» Exercise aim
Although the records include pictures, print only the rest, exactly as written.
::::
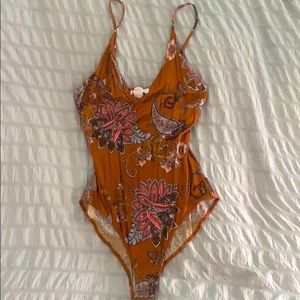 Orange patterned bodysuit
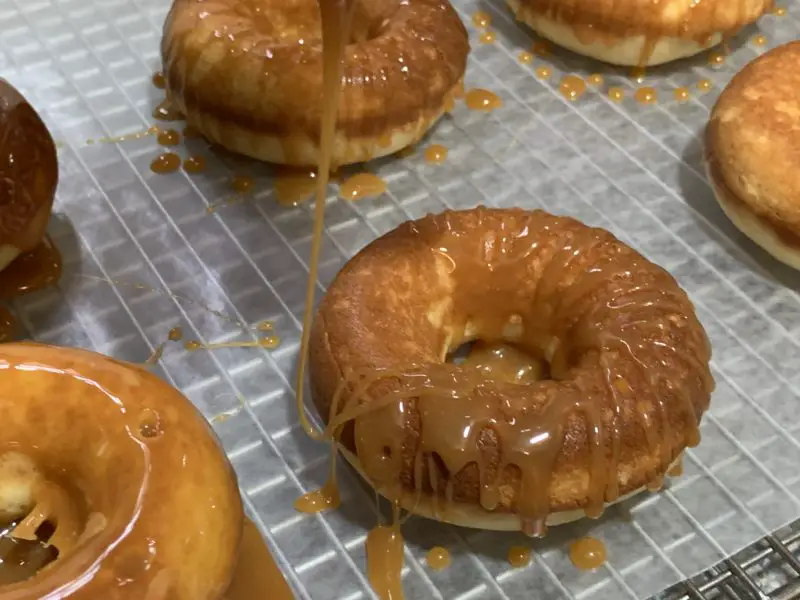 The caramel glaze being drizzled over the donuts.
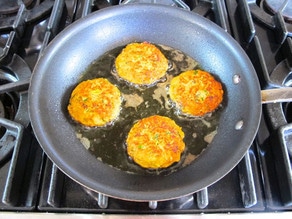 Salmon cakes frying in a skillet.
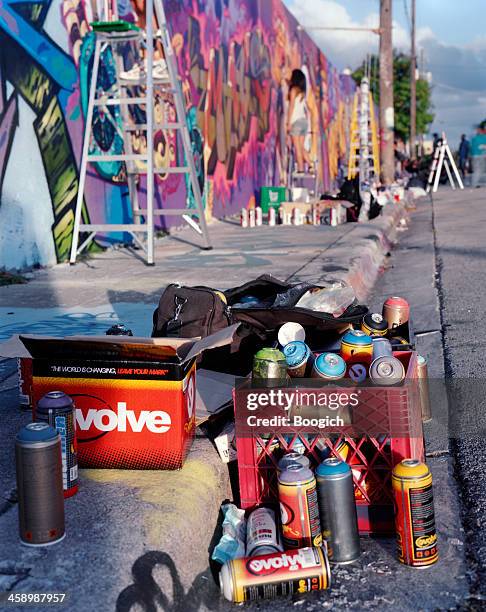 spray painting a graffiti mural in wynwood - wynwood stock pictures, royalty-free photos & images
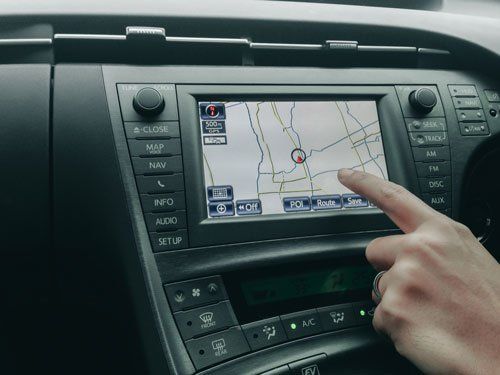 A Person Is Pointing At A Map On The Dashboard Of A Car - San Pablo, CA - Grand Prix Car Wash San Pablo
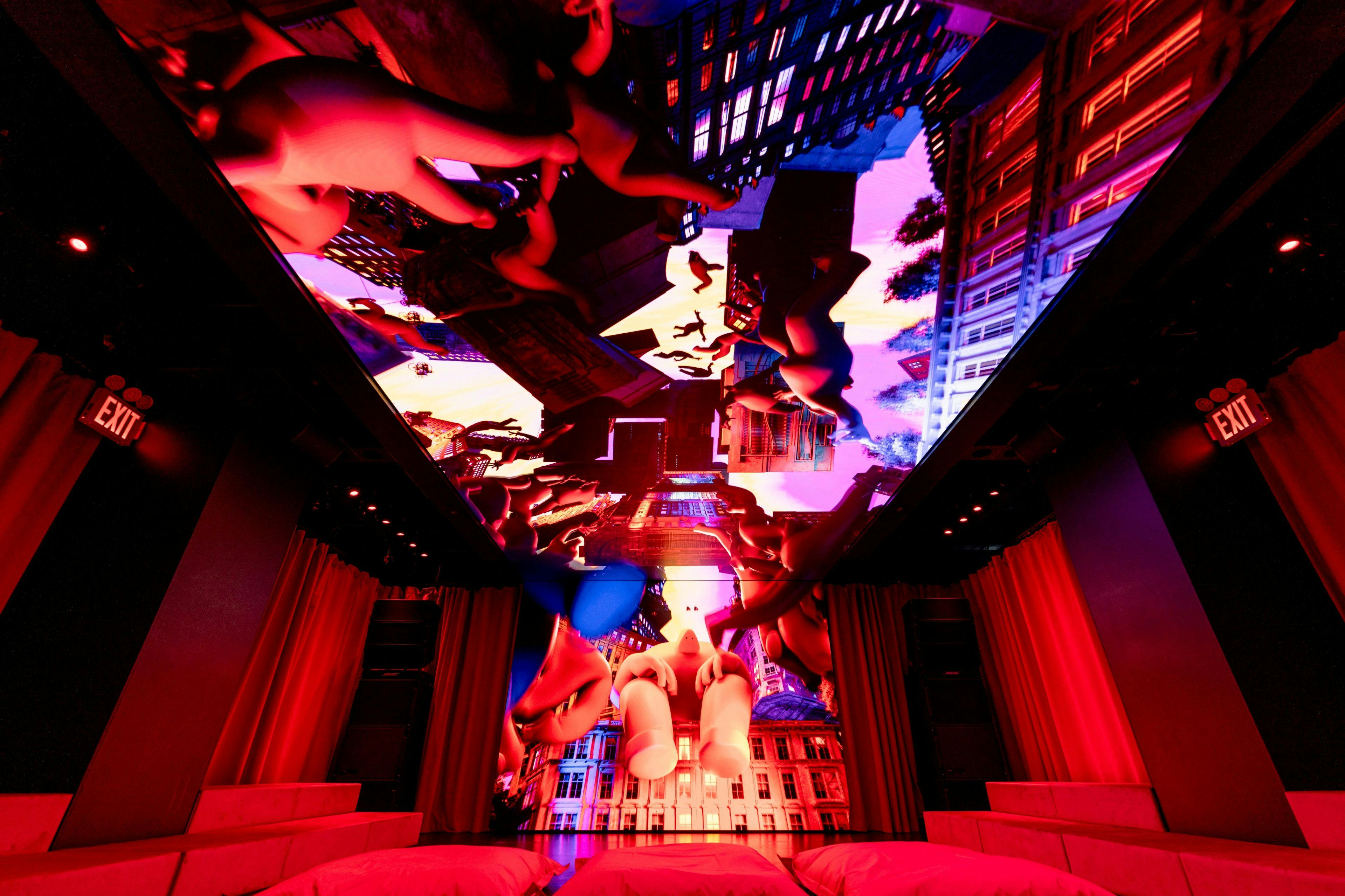 A vibrant ceiling display features colorful, abstract figures and cityscape elements with red lighting in a dark room setting.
::::
» Solution for this exercise
 Orange patterned bodysuit
 The caramel glaze being drizzled over the donuts.
 Salmon cakes frying in a skillet.
 spray painting a graffiti mural in wynwood - wynwood stock pictures, royalty-free photos & images
 A Person Is Pointing At A Map On The Dashboard Of A Car - San Pablo, CA - Grand Prix Car Wash San Pablo
 A vibrant ceiling display features colorful, abstract figures and cityscape elements with red lighting in a dark room setting.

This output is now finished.